A paquimeningite hipertrófica é uma doença rara causada por uma inflamação crônica que evolui para a fibrose da dura-máter.[1] [2] Pode ser idiopática ou secundária a doenças sistêmicas, como sarcoidose, tuberculose, meningite fúngica, artrite reumatoide, carcinomatose e outras doenças inflamatórias

Esta doença pode ser intracraniana ou espinhal. Uma forma espinhal, a PHIE, é extremamente rara e pode estar associada à mielopatia e/ou radiculopatia. A PHIE pertence ao espectro de doenças relacionadas à IgG4, caracterizada por fibrose difusa combinada à infiltração linfoplasmocítica rica em plasmócitos teciduais IgG4- positivos.[3] A estenose do canal medular pode ser responsável pelo agravamento neurológico abrupto após o trauma.
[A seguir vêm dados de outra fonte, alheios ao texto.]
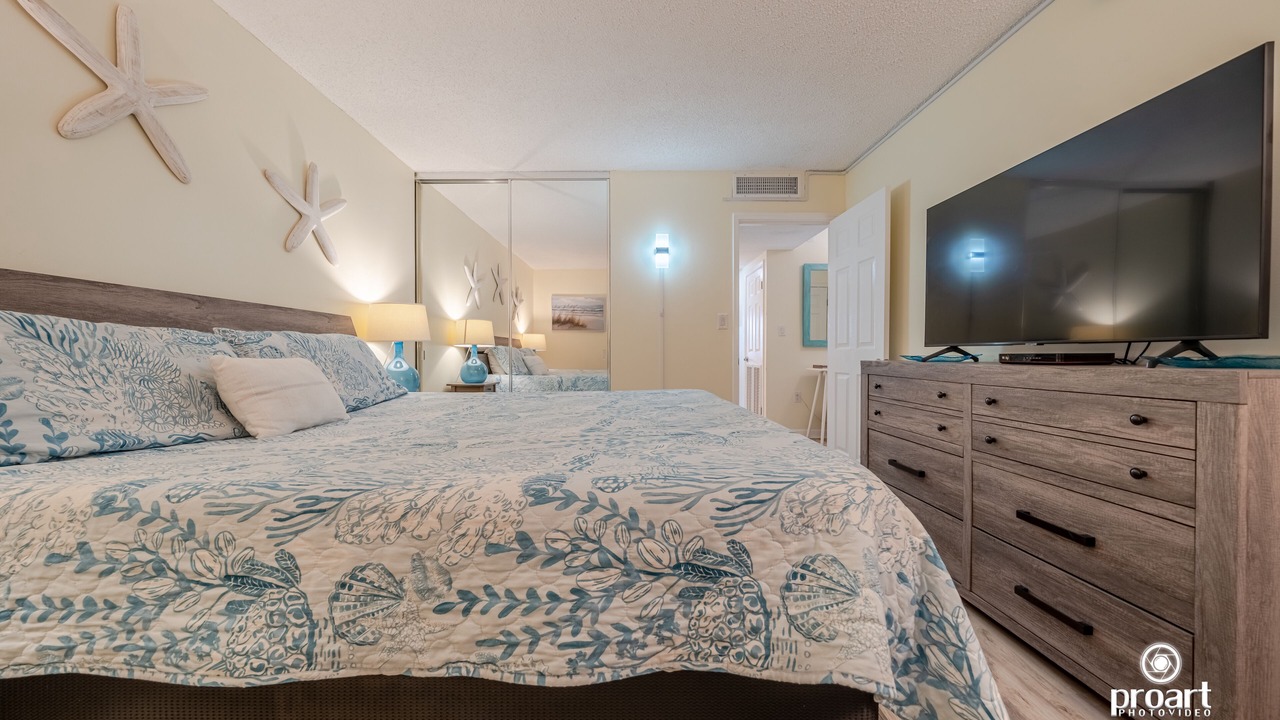 Photo of Bedroom in North West Florida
À ressonância magnética, é comum observar espessamento e hipointensidade da dura-máter nas ponderações em T1 e T2, com forte realce em múltiplos níveis.[4] [5] O tratamento clínico inclui o uso prolongado de medicamentos imunossupressores, como os corticosteroides. O tratamento cirúrgico é realizado em pacientes com mielopatia ou radiculopatia associada a alterações neurológicas e é indicado para descompressão do canal medular. Em alguns casos, uma duraplastia é necessária para descompressão adequada.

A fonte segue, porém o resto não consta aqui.